Exercise materials:
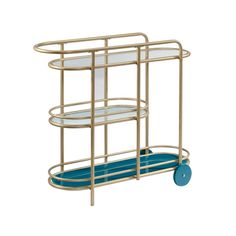 a gold serving cart with blue wheels and glass plates on the bottom shelf, against a white background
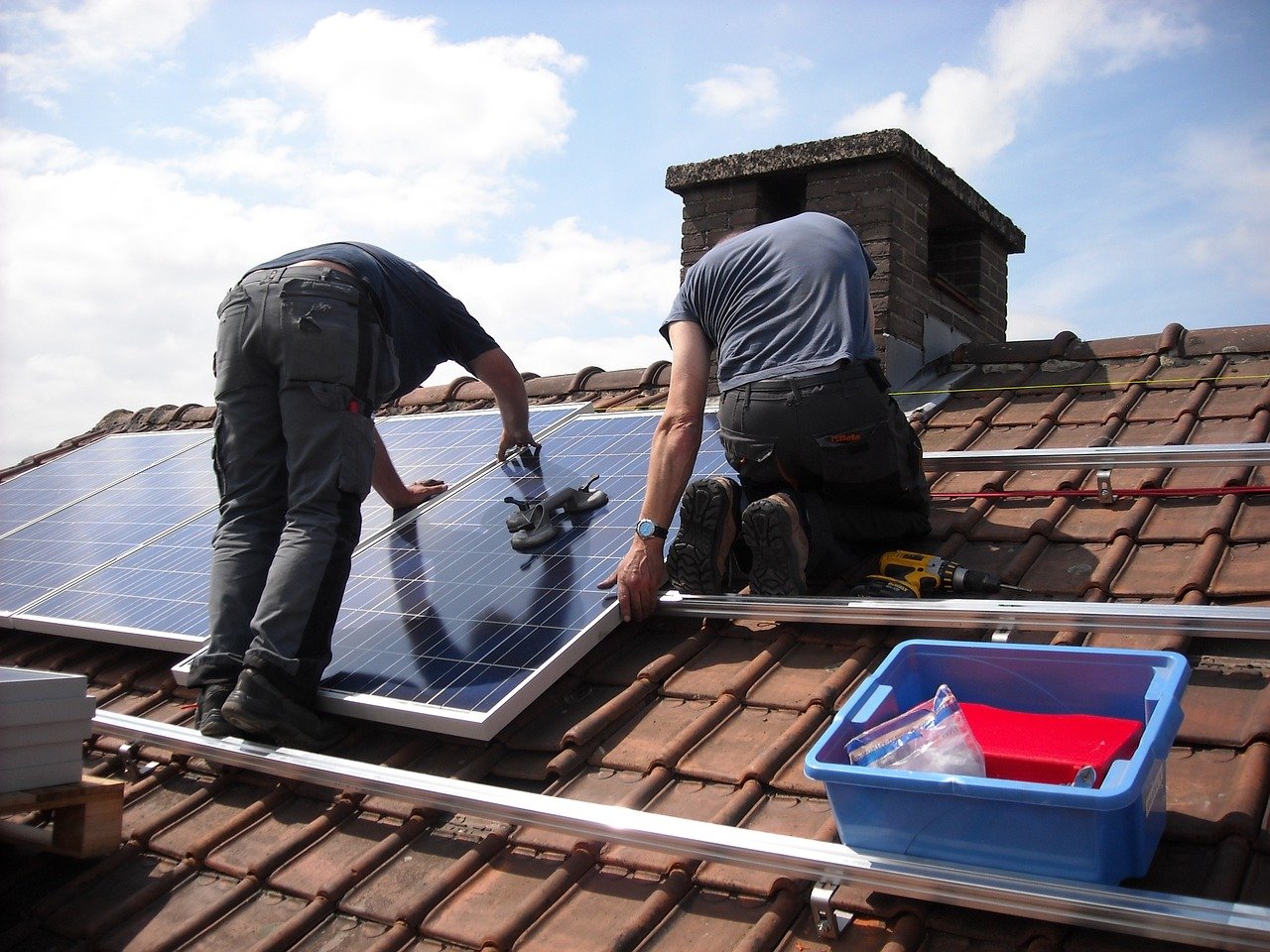 Workers installing solar energy panels on a roof.
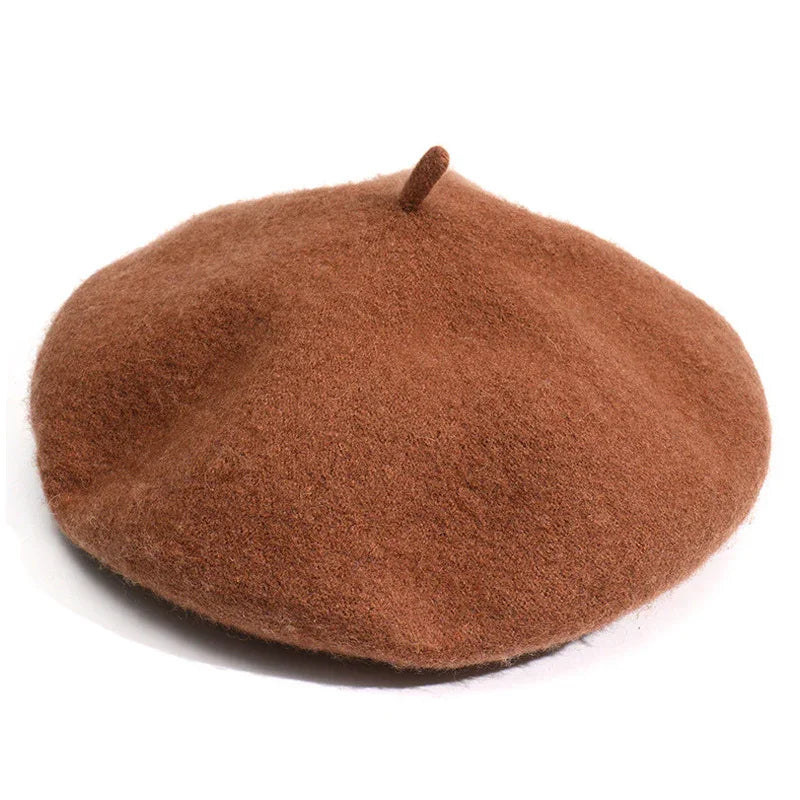 classic brown wool beret hat with top stem on white background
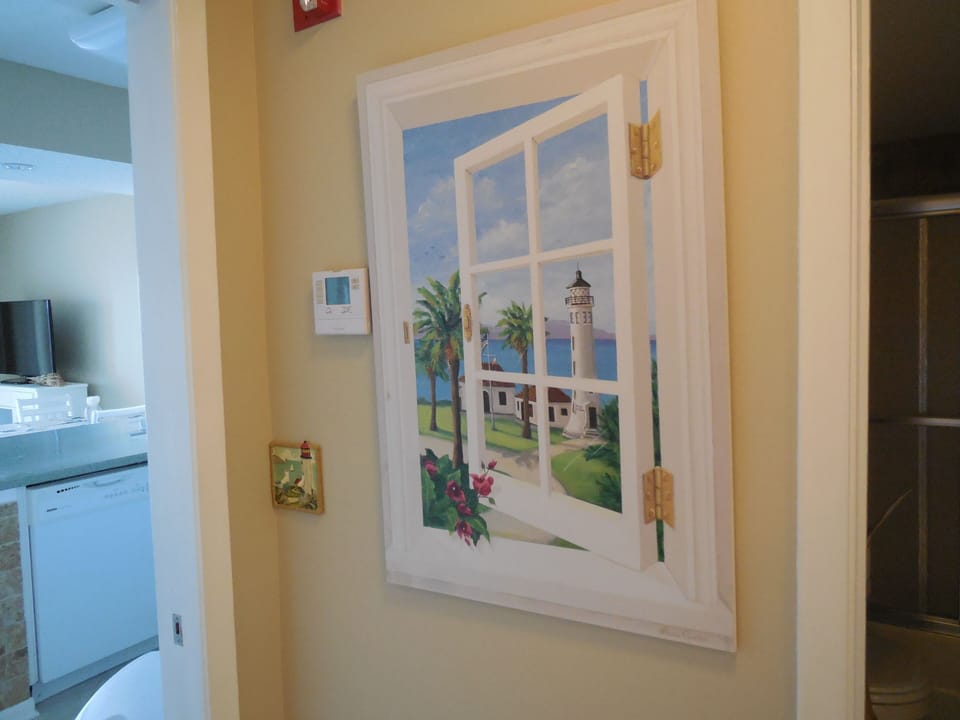The utility box is hidden behind picture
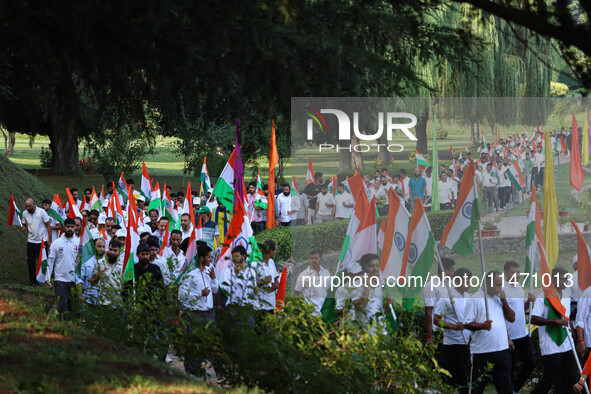 People are taking part in the Tiranga Rally ahead of India's Independence Day celebrations in Srinagar, Jammu and Kashmir, on August 12, 202...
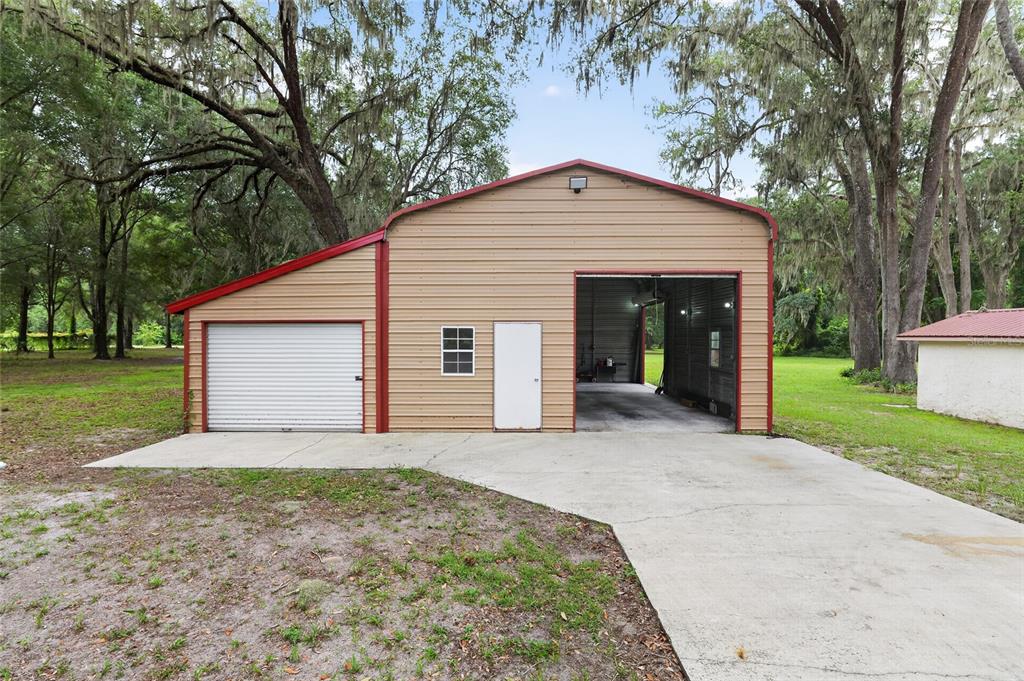 A metal workshop building with a roll-up door, a side door, and a concrete driveway — 18741 N US HIGHWAY 301, CITRA, FL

Description of the task:
Only the pictures are to be excluded; all other parts of the records above are to be given exactly.

Expected answer:
 a gold serving cart with blue wheels and glass plates on the bottom shelf, against a white background
 Workers installing solar energy panels on a roof.
 classic brown wool beret hat with top stem on white background
The utility box is hidden behind picture
 People are taking part in the Tiranga Rally ahead of India's Independence Day celebrations in Srinagar, Jammu and Kashmir, on August 12, 202...
 A metal workshop building with a roll-up door, a side door, and a concrete driveway — 18741 N US HIGHWAY 301, CITRA, FL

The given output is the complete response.